Asentí y fui hacia allí. Tomé la manija y sentí lo rápido que latía mi corazón. Tenía que ser fuerte para que él no viera mi miedo, pero era bastante difícil.
Abrí la puerta, crucé el umbral y vi a Ian. Estaba sentado detrás de un enorme escritorio, sobre el cual había muchas carpetas con documentos. Ian apartó lentamente la vista del monitor y me miró.
Un escalofrío recorrió mi piel y sentí el deseo de retroceder.
—¿A qué debo el honor? —preguntó fríamente.
—Quiero hablar —dije—. Es importante.
—¿Ah, sí? —Ian torció los labios, como si lo estuviera irritando, y tal vez así fuera—. Estoy intrigado.
—¿Puedo sentarme? —señalé una silla.
—Siéntate —asintió—. Te escucho. Pero rápido.
—Necesito dinero —solté—. Te prometo que te lo devolveré todo. Pero es muy urgente.
—¿En serio? —Ian sonrió y se inclinó sobre el escritorio hacia mí—. ¿Por qué debería ayudarte?
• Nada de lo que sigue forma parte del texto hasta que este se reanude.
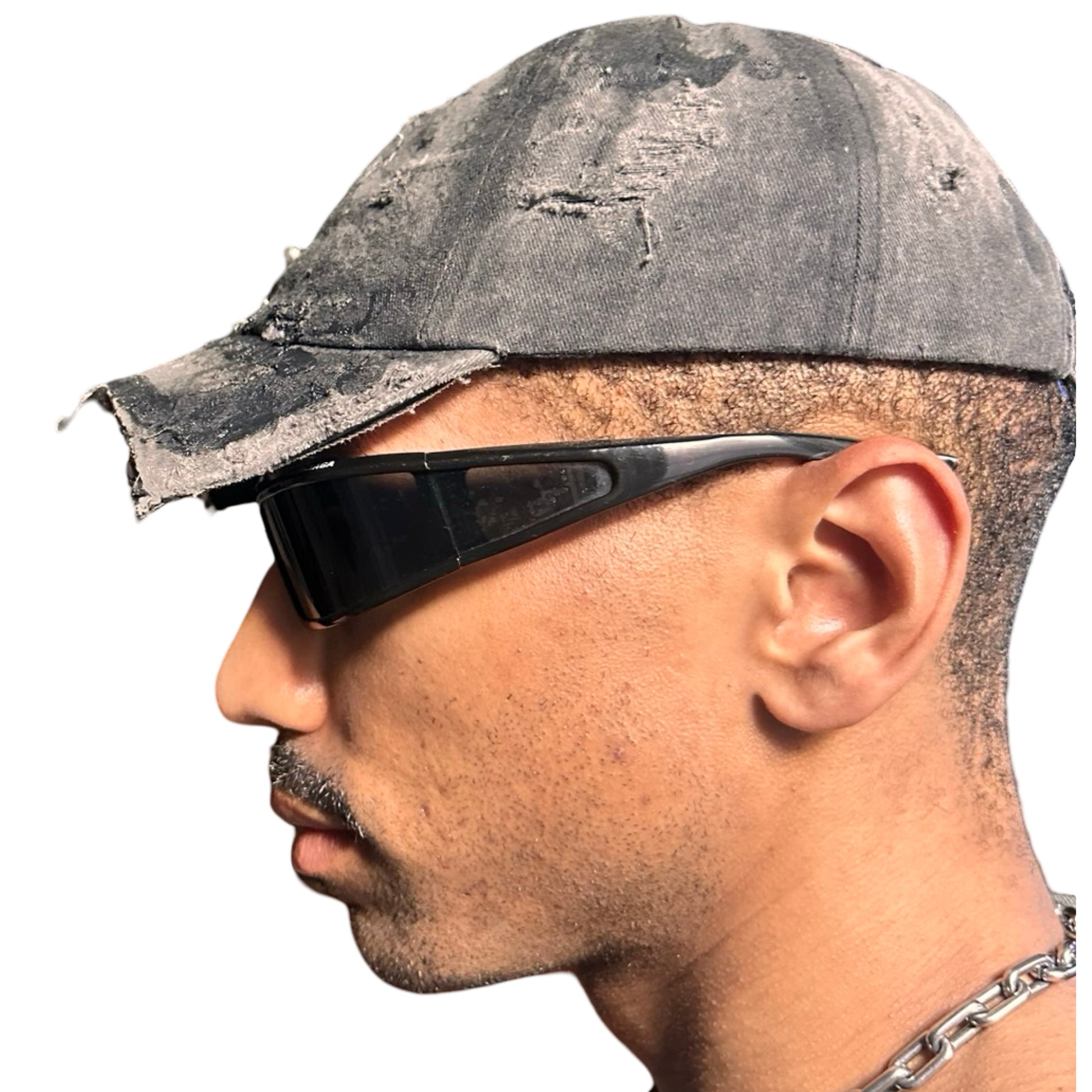 Left side of Black distressed half-visor hat with barbed-wire logo, adjustable strap, black paint details, and stainless steel piercings along the brim.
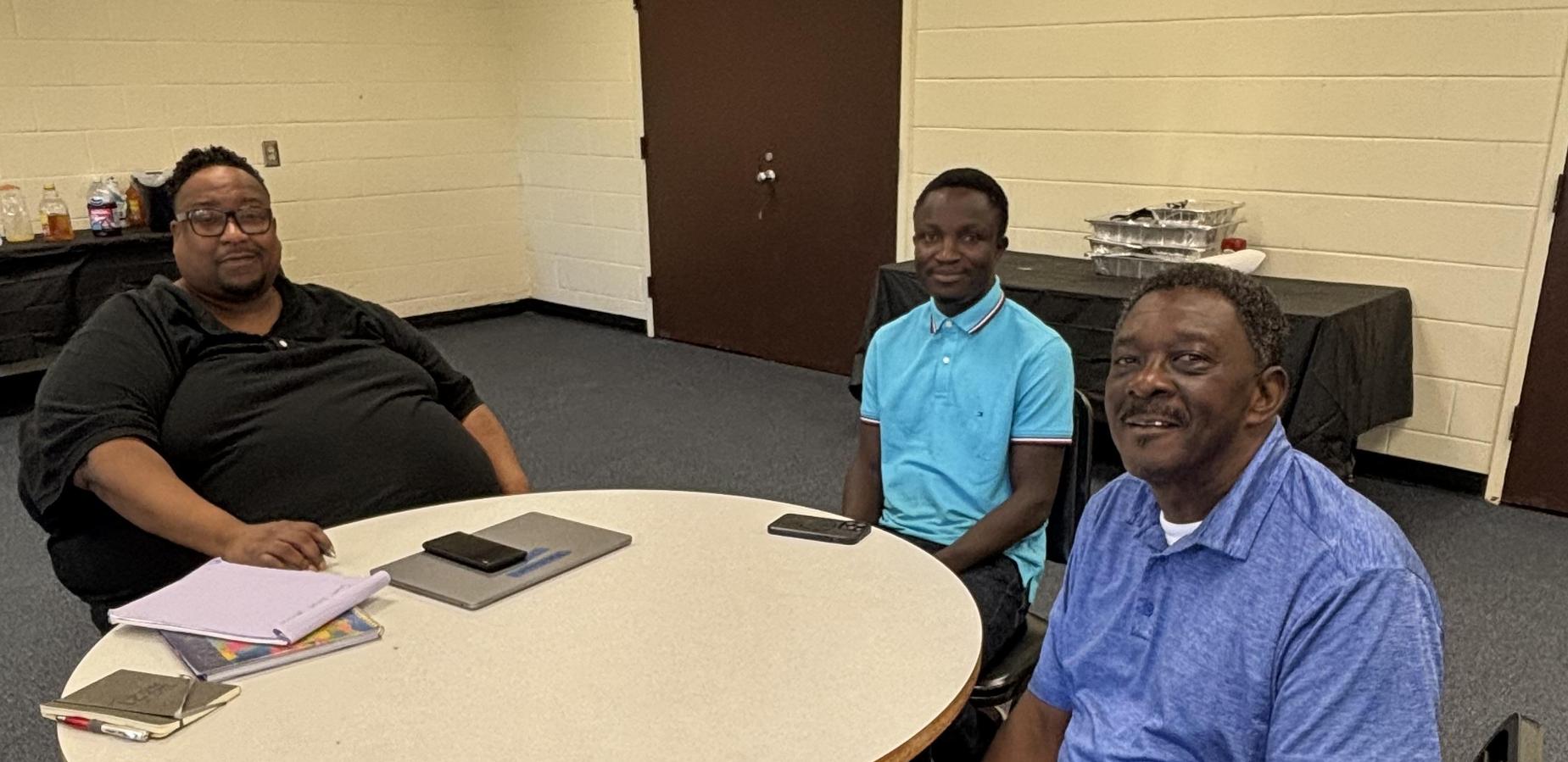 Mr. Simmons, D.Armoh, and C.White GOA staff return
—Sé que no deberías, pero no tengo a nadie más a quien recurrir —dije con nerviosismo.
—¿De qué cantidad estamos hablando? —Ian no apartaba la mirada de mí.
—Cinco mil dólares.
Para mí, esa cantidad era irreal, pero para Ian, eran solo calderilla. Podía dármelos sin pensarlo, pero no se trataba del dinero, sino de su actitud hacia mí.
—¿Para qué los necesitas? ¿Ya se te acabó el dinero que te dio mi padre? —preguntó con sarcasmo.
—¿Qué? —no lo entendí—. Tu padre no me ha dado nada.
—Claro que no —resopló y se recostó en el respaldo de la silla—. No vas a obtener nada de mí, Ustina. No entiendo cómo pudiste venir aquí después de haberme dejado hace unos años. Me dejaste porque querías dinero. ¿Cuánto te pagó mi padre?
—¡No me pagó nada! —exclamé—. ¡Tu padre me amenazó! ¡Dijo que me quitaría la cafetería si no te dejaba! Sabes que esa cafetería la construyó mi abuelo. No podía hacerle eso. Él la quería mucho.
—¿Por qué hablas de él en pasado? —Ian frunció el ceño, y sentí un nudo en la garganta.
—Porque mi abuelo murió el año pasado y ahora yo me encargo de la cafetería.